How will construction in Latin America perform in 2024?

The Latin American economy recently received good news as the Economic Commission for Latin America and the Caribbean (ECLAC) revised its forecast for 2024 slightly upwards.

Brazil should see moderate growth of 2.3%

According to the entity’s new estimates, the region is expected to grow an average of 2.1% this year, nine percentage points above the previous projection.

Within this context, in terms of growth the most important subregion is the Caribbean with a projection of 9.6% (or 2.8% excluding Guyana), followed by Central America and Mexico with 2.7%, while the countries of South America continue to face some major difficulties with a growth forecast of 1.6%.

The region faces a complex international scenario, marked by global economic and commercial growth below historical averages, as well as high interest rates in developed countries. These conditions have increased financing costs for emerging economies, including Latin America and the Caribbean.

And although the projections are upward, ECLAC warns that the region is in a development crisis characterised by three interrelated traps: low growth, a high inequality and low social mobility trap, and a low institutional capacity and ineffective governance.

To boost growth, ECLAC insists that the region must increase its productivity and invest more in critical areas such as infrastructure, telecommunications, digitalisation, research and development, health, and adaptation of educational systems to the changes that digitalisation and automation bring. to the labor market.

Progress and stagnation

In terms of growth, it is important to mention Guyana, whose economy could expand by more than 34% according to ECLAC. The country has experienced impressive economic growth in recent years, driven by the discovery and exploitation of vast offshore oil and gas resources.

For their part, more solid economies such as those of Brazil and Mexico, countries that are among the largest in the region, will show moderate growth of 2.3% and 2.5% respectively, reflecting the structural and cyclical challenges that these nations face.
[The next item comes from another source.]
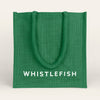 Jute Bag-JB197 - Forest Green Small Jute Bag-Whistlefish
In contrast, Argentina and Haiti face serious challenges with negative projections of -3.1% and -2% respectively, underscoring the diversity of economic situations within the region.

Construction performance 

As in the general economy, the construction sector in Latin America presents a diverse panorama, with growth opportunities in several countries, but with very great challenges and risks in others.

Brazilian construction has good news and at the end of April the Brazilian Chamber of the Construction Industry (Cbic) revised upwards its projection for civil construction GDP in 2024 up to 2.3%, a positive sign for the sector that would have contracted 0.5% during 2023.

According to the Cbic, among the reasons for this new projection are the positive expectations of companies for purchases and new projects and the growing forecast for the Brazilian economy, in addition to the effects of the adjustments planned by the program Minha Casa, Minha Vida (My house, my life).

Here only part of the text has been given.